▶ Exercise instructions:
Your copy must hold every line of the records word for word. It must hold no pictures.

▶ Records for the exercise:
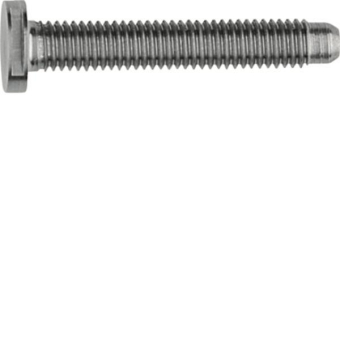 ELCOM Schraube Spezial ZY M5x42  REH126Y 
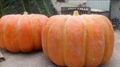 Artificial big Pumpkin for Decoration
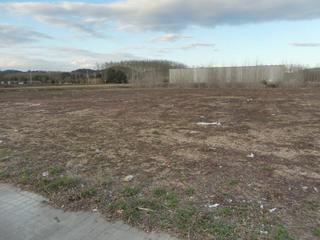 Terreny residencial a Massanes. Terreno industrial en venta en massanes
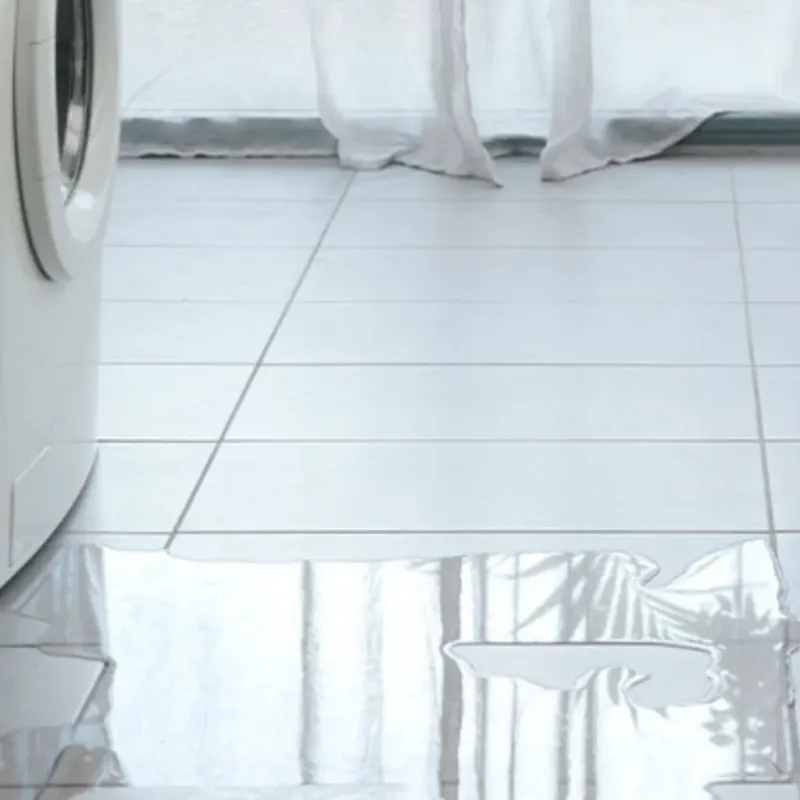 Appliance Leak Cleanup in Madison, AL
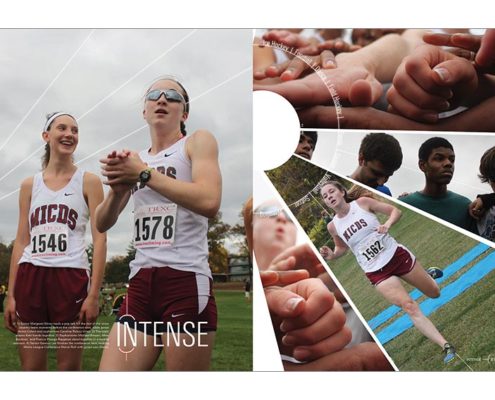 Mary Institute and St. Louis Country Day School 2016 Divider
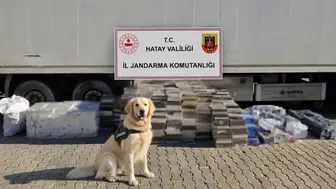 Hatay'da nakliye tırına gizlenmiş 3 bin karton kaçak sigara yakalandı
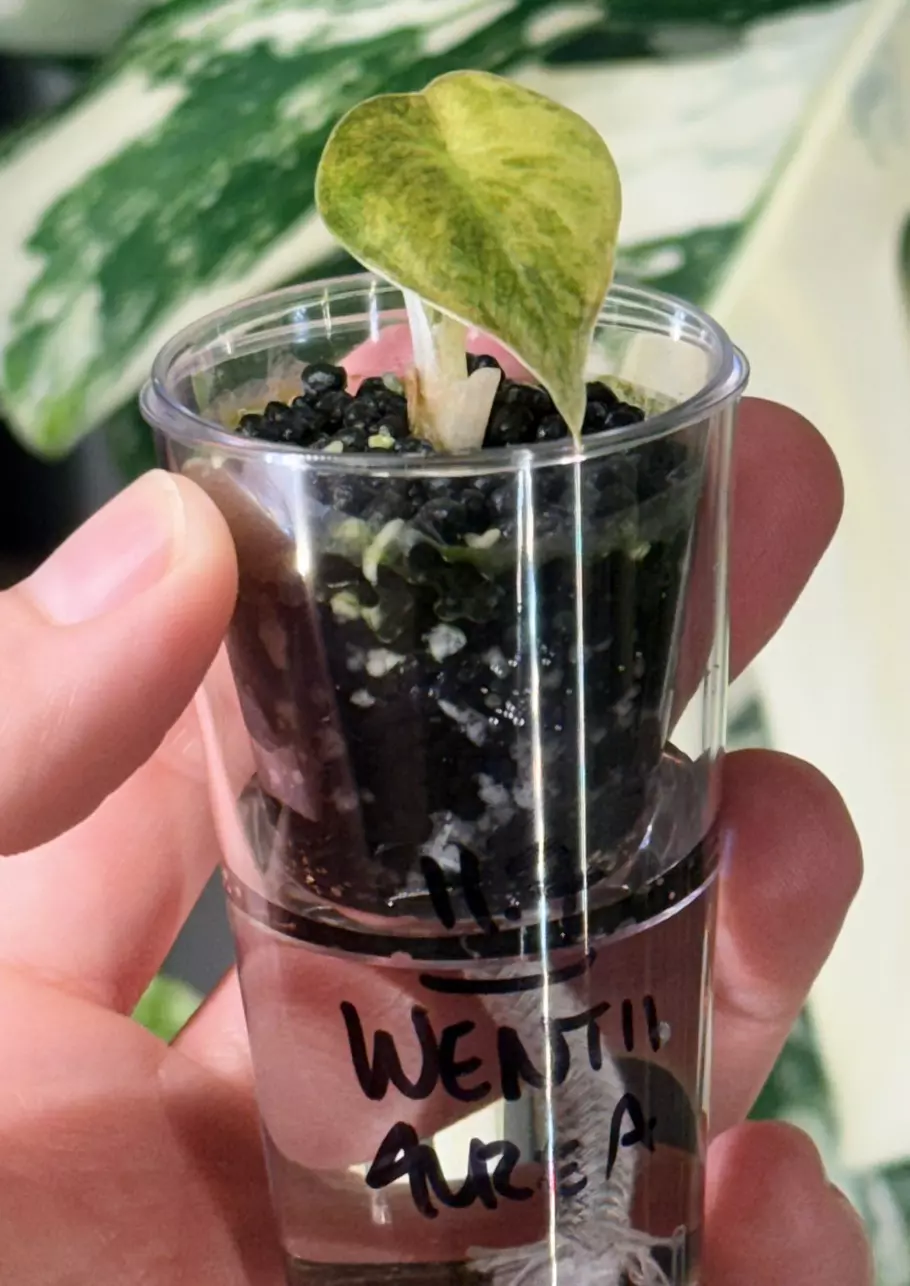 plant/alocasia wentii aurea variegated-3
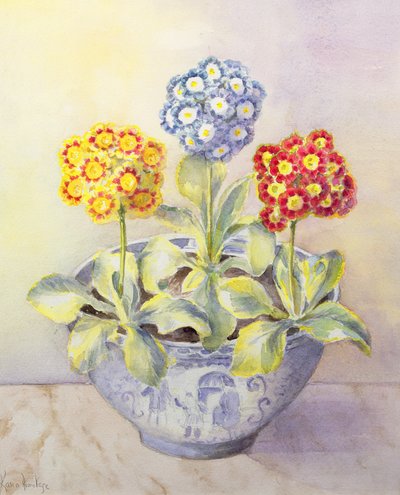 Çin tenceresinde kulak kepçesi by Karen Armitage
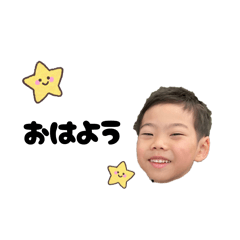 sho_20260507234559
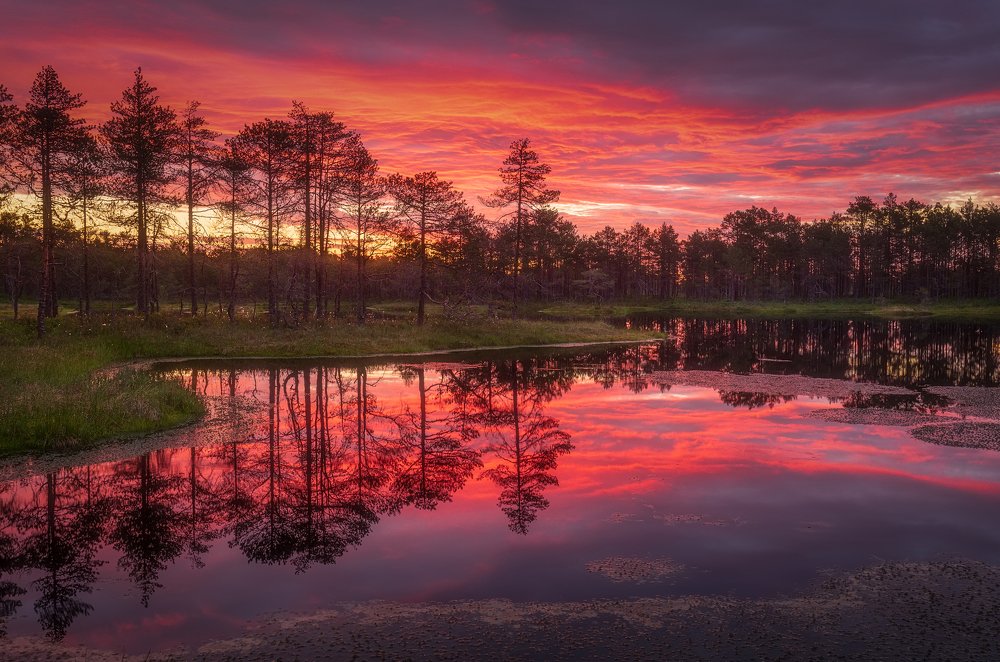 Photograph by Элвис Антсон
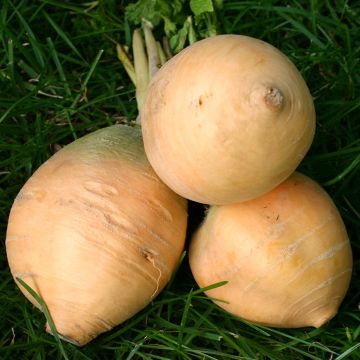 Navet jaune Boule d'Or race Goldana BIO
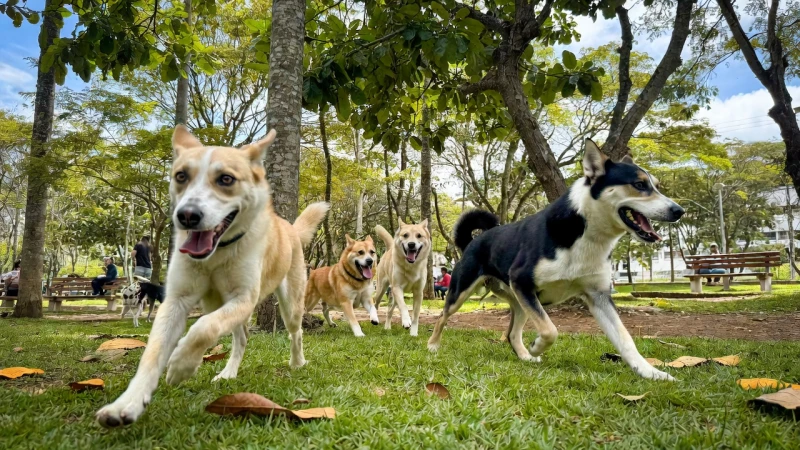 ¡Dales un hogar! Decenas de perritos y gaticos esperan por una familia en Bucaramanga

▶ Exercise answer:
 ELCOM Schraube Spezial ZY M5x42  REH126Y 
 Artificial big Pumpkin for Decoration
 Terreny residencial a Massanes. Terreno industrial en venta en massanes
 Appliance Leak Cleanup in Madison, AL
 Mary Institute and St. Louis Country Day School 2016 Divider
 Hatay'da nakliye tırına gizlenmiş 3 bin karton kaçak sigara yakalandı
 plant/alocasia wentii aurea variegated-3
 Çin tenceresinde kulak kepçesi by Karen Armitage
 sho_20260507234559
 Photograph by Элвис Антсон
 Navet jaune Boule d'Or race Goldana BIO
 ¡Dales un hogar! Decenas de perritos y gaticos esperan por una familia en Bucaramanga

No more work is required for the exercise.